LOUD: What? I didn’t hear them.
SUMMER: That’s because they’re censored on the American version! Anyway, if truth be known, I didn’t think it was so great when it was finished. It was nice, but I didn’t think it was so hot. But when it became a big hit, honey I LOVED that record!
LOUD: Where was it recorded?
SUMMER: In Europe. See, I left America at the end of the ‘60s cause of the racial thing. I’d been living on Bleecker and it was a crazy time. Once I got beat up bad right on the street by a Black Muslim for walking with two Jewish girls. Bad news. I joined the German company of Hair and stayed there ever since. German people are really great, my boyfriend’s German and he’s [various stories of Germanic decadence are swapped]… but you know, German people get very uptight if you mention World War II. One guy over there that I knew go so furious when I asked him, “Aren’t you ashamed of all the millions of people you killed in the War?” Germans today feel that what’s past is past, new generations don’t really remember it except what their fathers told them and they can’t really relate to it that way.
LOUD: Oh, I know, an old war story is an old war story, my Dad tells quite a few himself.
SUMMER: But boy! Was that guy ever mad!
LOUD: Back to the beat; are you a good dancer?
SUMMER: I dance, and when I do, I don’t feel a fool.
LOUD: Are you acquainted with Poppers? [dead silence and blank looks] Uh, you see, I have this current fixation about them and disco music. Not using them, but watching them in the act of being used. I was at a disco called 12 West the other night and when your record came on there was literally an explosion of snapping and popping, just like the Fourth of July.
SUMMER: Poppers…?
ACOLYTE: [whispers] Pss, pss, amyl nitrate.
SUMMER: Oh yeah!

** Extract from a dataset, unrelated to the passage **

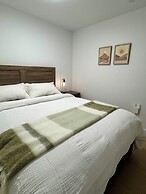 Levida Living - Cozy 2 Bedroom Suite at the Heart of Langley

Yeah, they use them a lot in certain places.
LOUD: Like gay discos.
SUMMER: GAY DISCOS?! Honey, I don’t believe I’ve ever been in anything BUT gay discos. They’re AIN’T any other kind!
LOUD: You have a point. Donna Summer, what is your message to the world?
SUMMER: Message? Message? What message? You mean like, how has my music affected people? Last night at some party, a woman about 45 or more came up to me and said that her son had sent her husband and her my album and one night they listened to it together. She told me that things happened between them that hadn’t gone on in 10 years! SHE got the message.
LOUD: I think everyone’s getting that message. How does it feel to be on top now? The new Queen of Discos?
SUMMER: Queen of Discos? I though Gloria Gaynor was the Queen of Discos?
LOUD: She is? Oh, that’s right, well, she’s Queen of Discos like Minnie Pearl is Queen of Country Music. But to a lot of people, your record is really the impossible dream of disco rhythm!
SUMMER: Disco Queen, huh? Well, I dunno, I may be, like you said, the new Queen of Discos; but lemme tell ya, since I got to be Queen, I ain’t been alone with my boyfriend for one minute!!